#### Your task
Reproduce every line of the data, exactly and without its pictures.

#### Records for this task
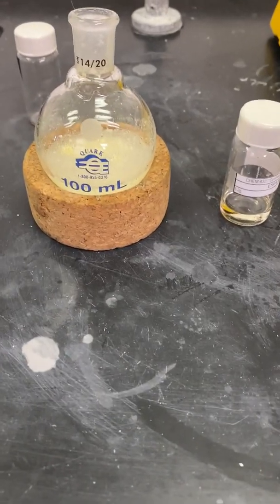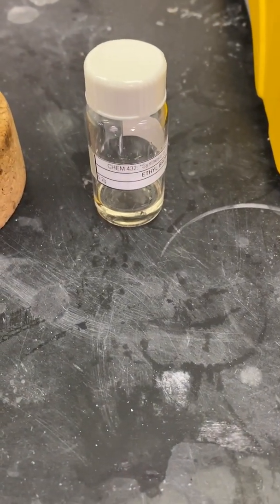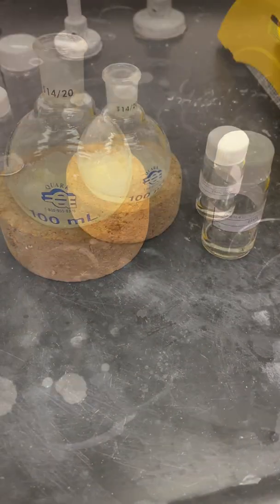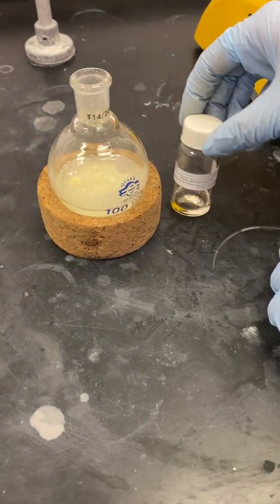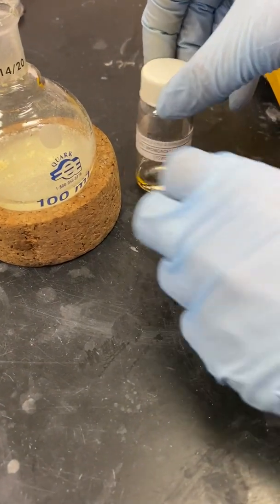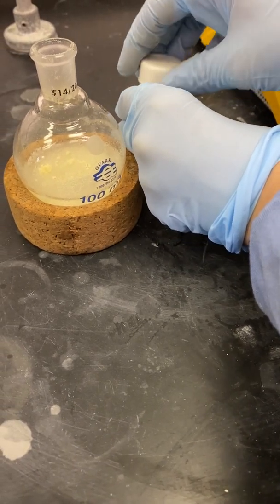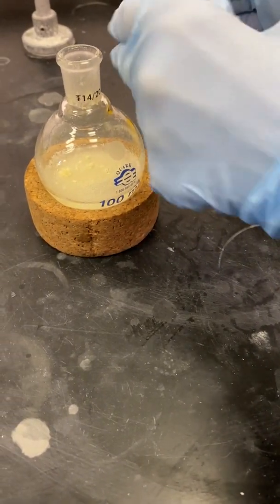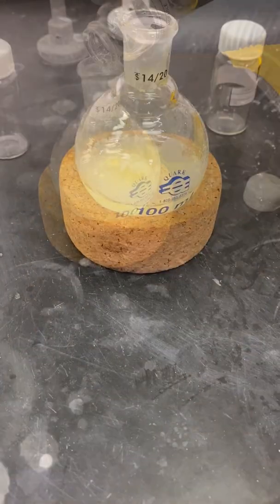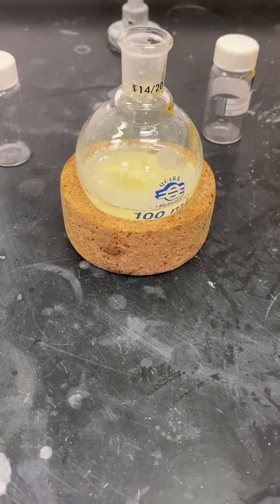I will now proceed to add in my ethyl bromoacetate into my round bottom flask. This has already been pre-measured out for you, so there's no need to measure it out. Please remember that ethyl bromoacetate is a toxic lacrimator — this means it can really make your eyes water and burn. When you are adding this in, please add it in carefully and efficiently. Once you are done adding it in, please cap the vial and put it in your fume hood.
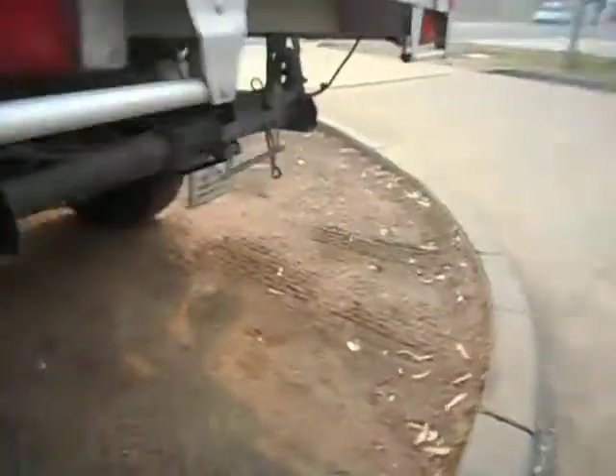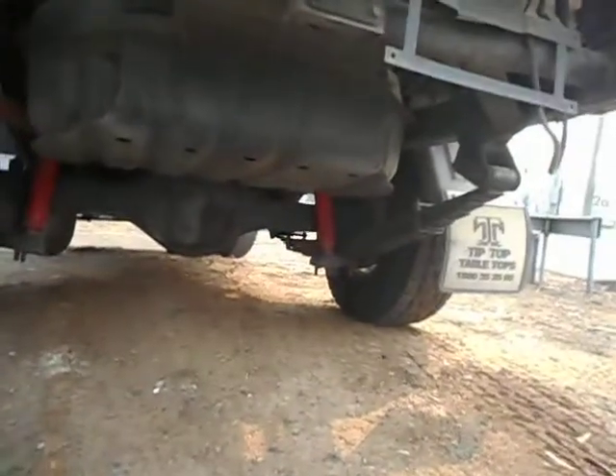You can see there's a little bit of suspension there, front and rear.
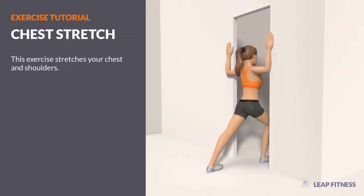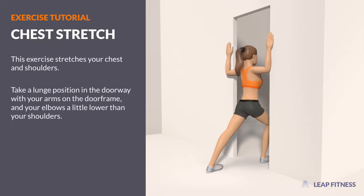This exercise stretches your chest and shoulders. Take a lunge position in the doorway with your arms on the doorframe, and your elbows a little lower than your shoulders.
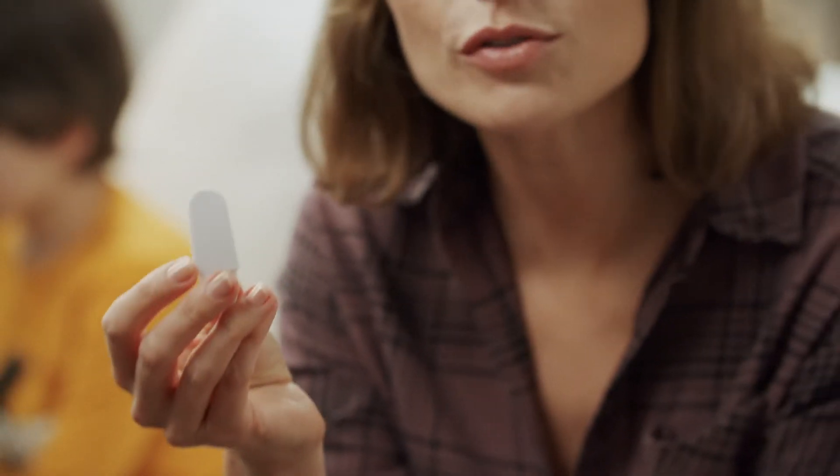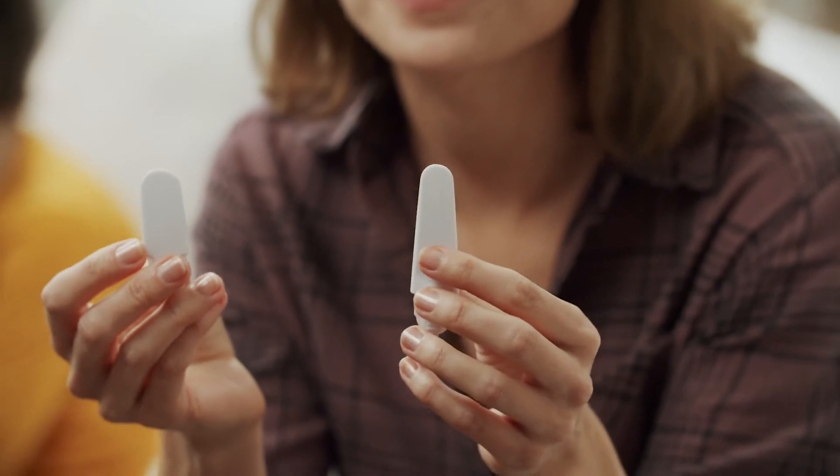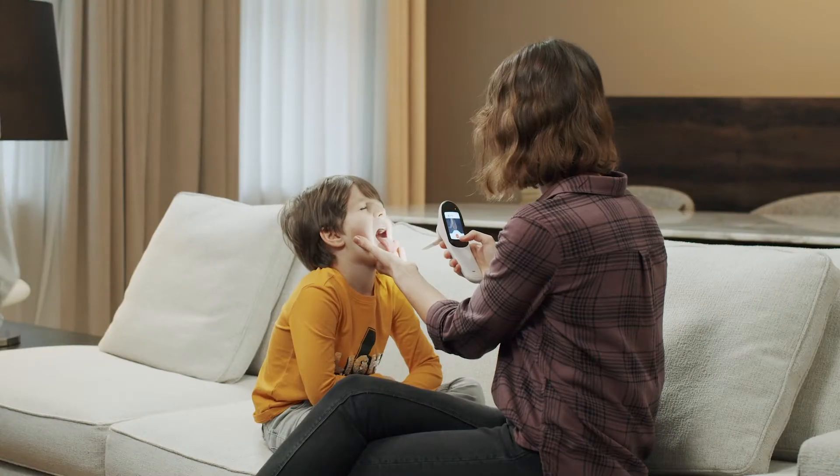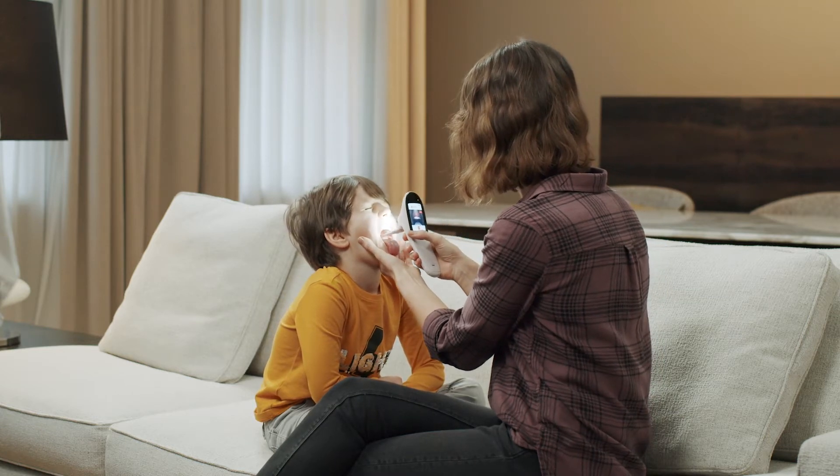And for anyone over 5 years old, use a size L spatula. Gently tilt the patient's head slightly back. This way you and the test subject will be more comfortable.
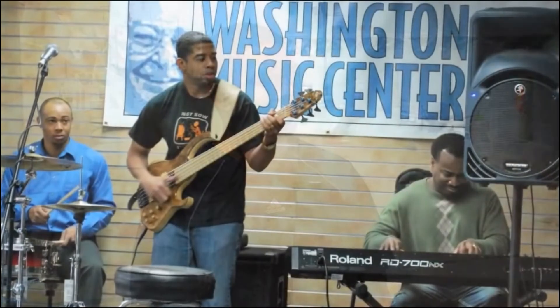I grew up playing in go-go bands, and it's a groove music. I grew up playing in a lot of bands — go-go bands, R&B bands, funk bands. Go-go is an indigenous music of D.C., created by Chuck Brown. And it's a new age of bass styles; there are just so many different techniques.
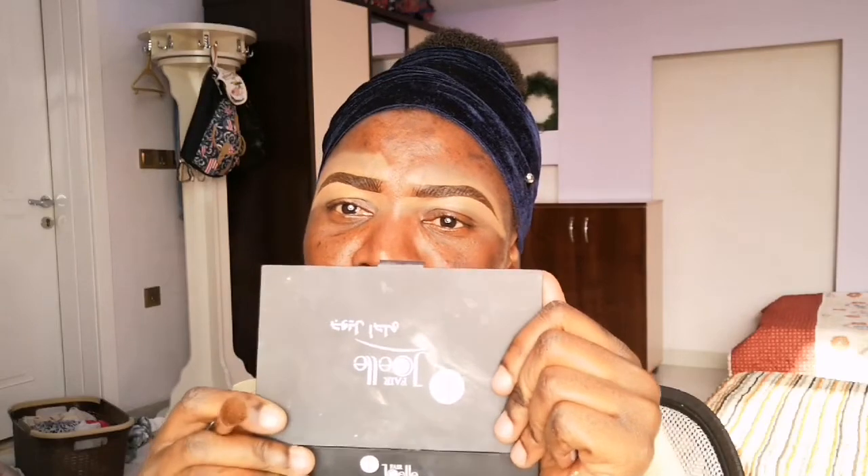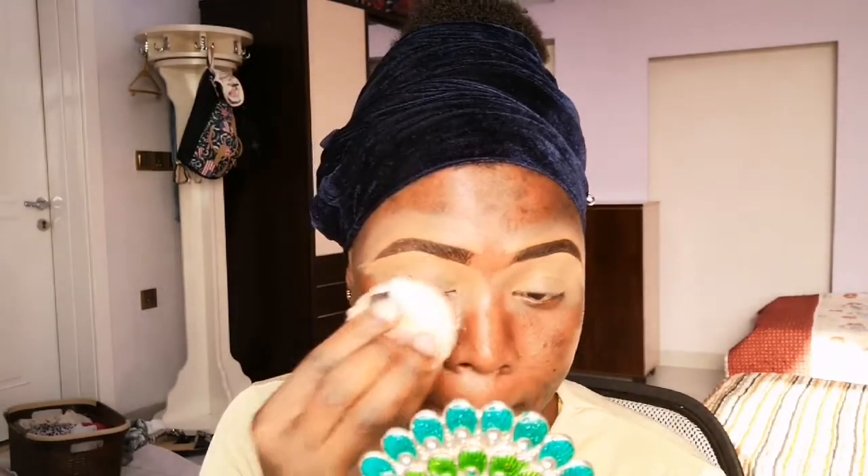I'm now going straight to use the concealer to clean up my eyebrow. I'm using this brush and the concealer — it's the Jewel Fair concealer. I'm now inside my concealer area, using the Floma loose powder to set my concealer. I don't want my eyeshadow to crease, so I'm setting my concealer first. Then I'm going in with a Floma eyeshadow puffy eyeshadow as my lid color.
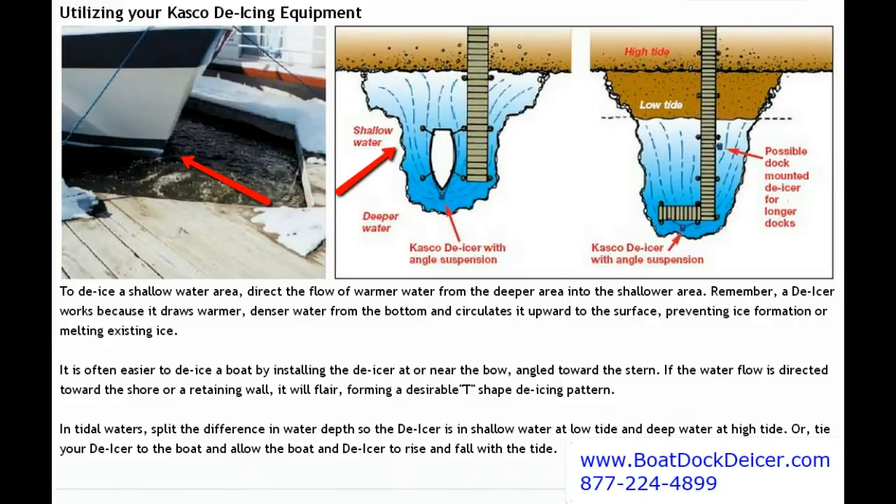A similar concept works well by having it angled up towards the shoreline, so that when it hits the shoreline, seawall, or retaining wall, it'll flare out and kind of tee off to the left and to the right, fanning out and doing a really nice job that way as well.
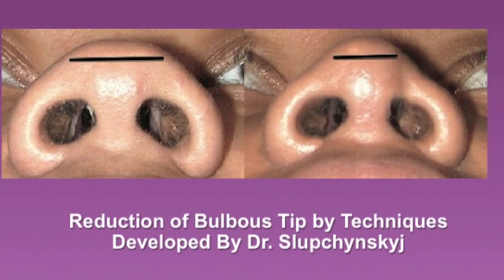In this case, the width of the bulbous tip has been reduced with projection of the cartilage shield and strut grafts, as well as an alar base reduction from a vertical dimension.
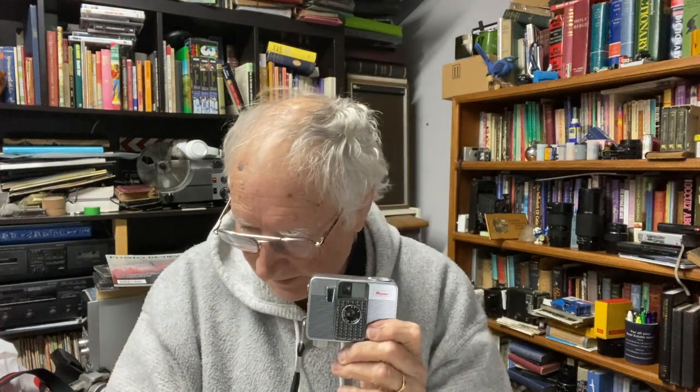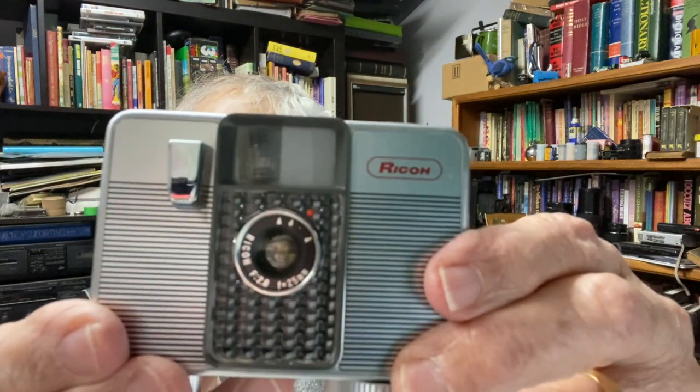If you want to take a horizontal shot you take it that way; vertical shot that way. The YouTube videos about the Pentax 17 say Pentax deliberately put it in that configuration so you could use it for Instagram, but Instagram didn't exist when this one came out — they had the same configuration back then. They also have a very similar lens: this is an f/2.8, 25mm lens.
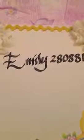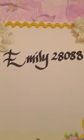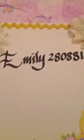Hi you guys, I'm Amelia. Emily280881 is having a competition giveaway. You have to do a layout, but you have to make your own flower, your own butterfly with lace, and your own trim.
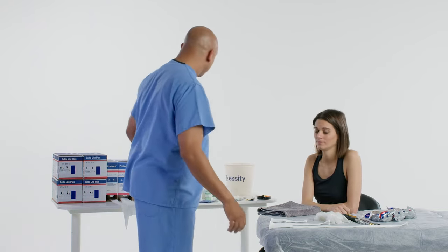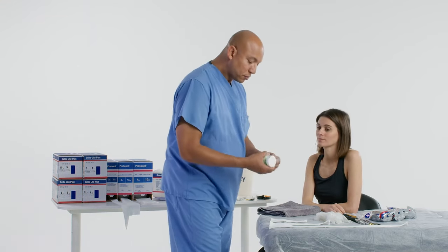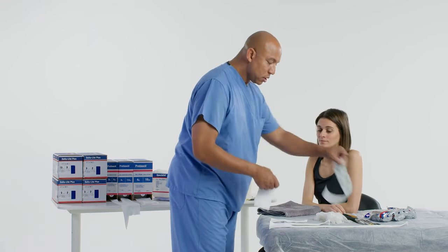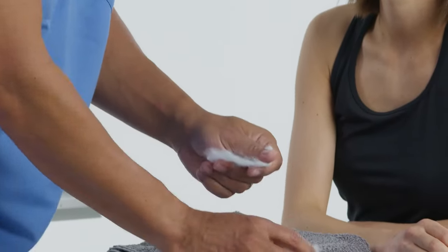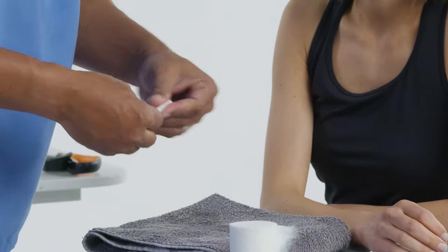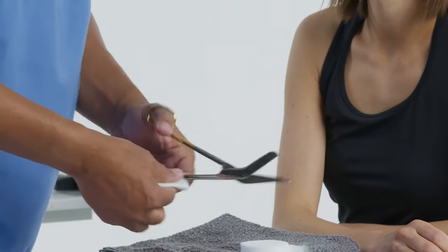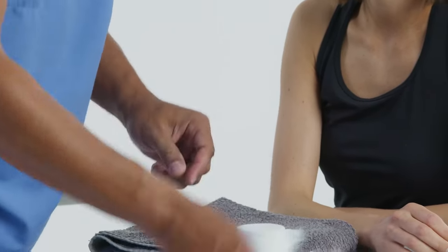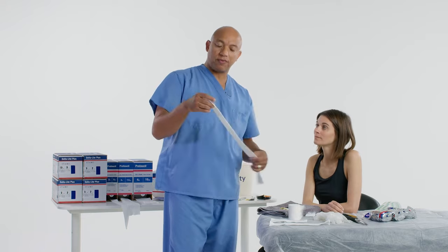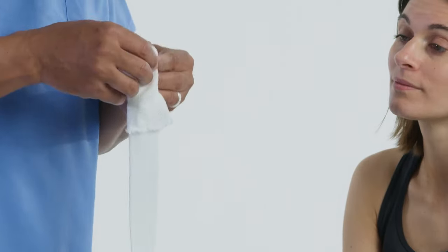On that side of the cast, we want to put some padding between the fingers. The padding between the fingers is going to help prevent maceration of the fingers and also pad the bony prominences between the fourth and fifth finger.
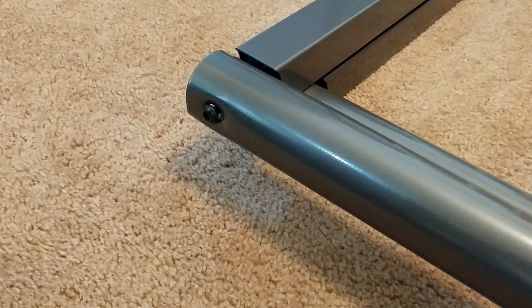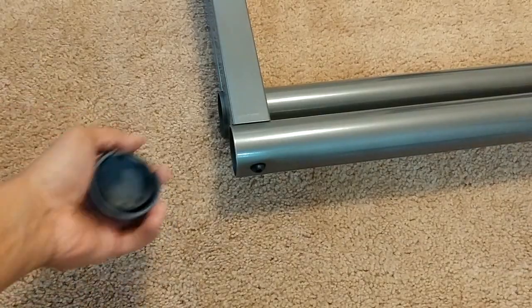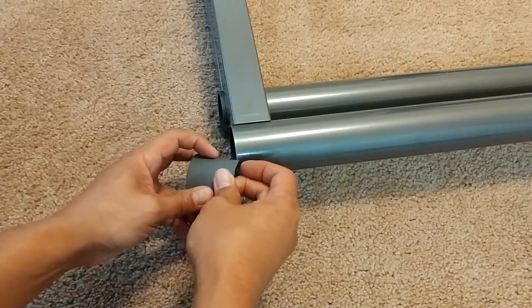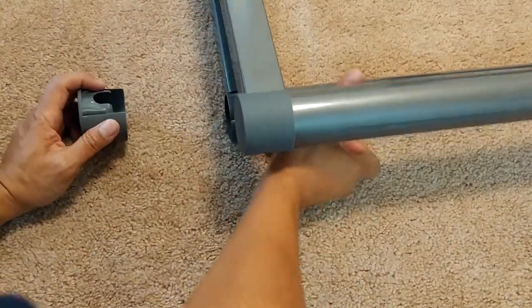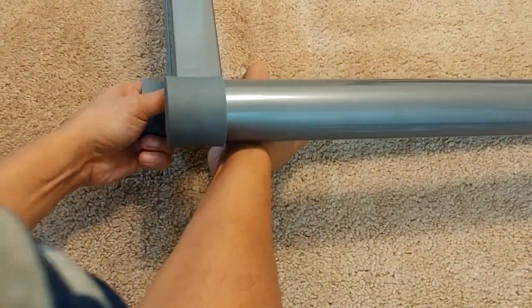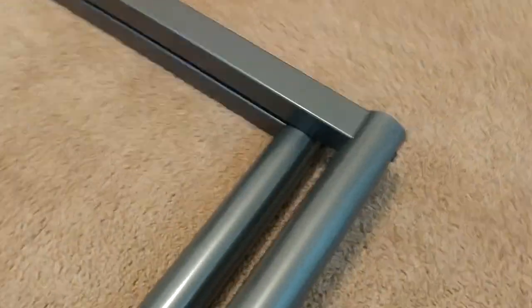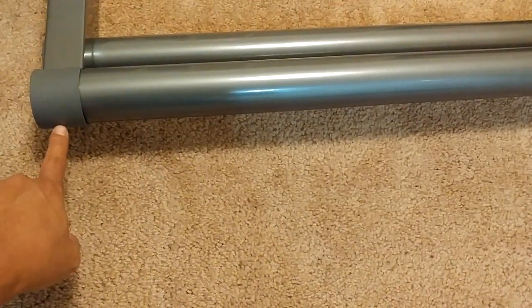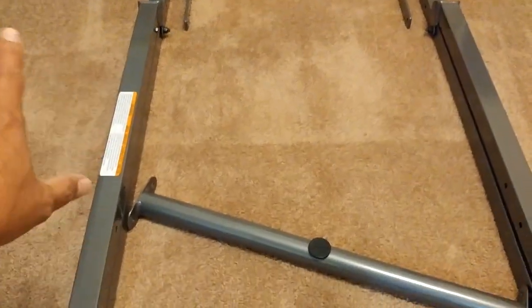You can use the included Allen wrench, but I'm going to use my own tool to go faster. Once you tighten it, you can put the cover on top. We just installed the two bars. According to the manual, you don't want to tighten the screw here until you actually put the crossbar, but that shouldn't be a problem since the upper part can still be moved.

#### Task solution
I will now proceed to add in my ethyl bromoacetate into my round bottom flask. This has already been pre-measured out for you, so there's no need to measure it out. Please remember that ethyl bromoacetate is a toxic lacrimator — this means it can really make your eyes water and burn. When you are adding this in, please add it in carefully and efficiently. Once you are done adding it in, please cap the vial and put it in your fume hood.
You can see there's a little bit of suspension there, front and rear.
This exercise stretches your chest and shoulders. Take a lunge position in the doorway with your arms on the doorframe, and your elbows a little lower than your shoulders.
And for anyone over 5 years old, use a size L spatula. Gently tilt the patient's head slightly back. This way you and the test subject will be more comfortable.
I grew up playing in go-go bands, and it's a groove music. I grew up playing in a lot of bands — go-go bands, R&B bands, funk bands. Go-go is an indigenous music of D.C., created by Chuck Brown. And it's a new age of bass styles; there are just so many different techniques.
I'm now going straight to use the concealer to clean up my eyebrow. I'm using this brush and the concealer — it's the Jewel Fair concealer. I'm now inside my concealer area, using the Floma loose powder to set my concealer. I don't want my eyeshadow to crease, so I'm setting my concealer first. Then I'm going in with a Floma eyeshadow puffy eyeshadow as my lid color.
A similar concept works well by having it angled up towards the shoreline, so that when it hits the shoreline, seawall, or retaining wall, it'll flare out and kind of tee off to the left and to the right, fanning out and doing a really nice job that way as well.
In this case, the width of the bulbous tip has been reduced with projection of the cartilage shield and strut grafts, as well as an alar base reduction from a vertical dimension.
If you want to take a horizontal shot you take it that way; vertical shot that way. The YouTube videos about the Pentax 17 say Pentax deliberately put it in that configuration so you could use it for Instagram, but Instagram didn't exist when this one came out — they had the same configuration back then. They also have a very similar lens: this is an f/2.8, 25mm lens.
Hi you guys, I'm Amelia. Emily280881 is having a competition giveaway. You have to do a layout, but you have to make your own flower, your own butterfly with lace, and your own trim.
On that side of the cast, we want to put some padding between the fingers. The padding between the fingers is going to help prevent maceration of the fingers and also pad the bony prominences between the fourth and fifth finger.
You can use the included Allen wrench, but I'm going to use my own tool to go faster. Once you tighten it, you can put the cover on top. We just installed the two bars. According to the manual, you don't want to tighten the screw here until you actually put the crossbar, but that shouldn't be a problem since the upper part can still be moved.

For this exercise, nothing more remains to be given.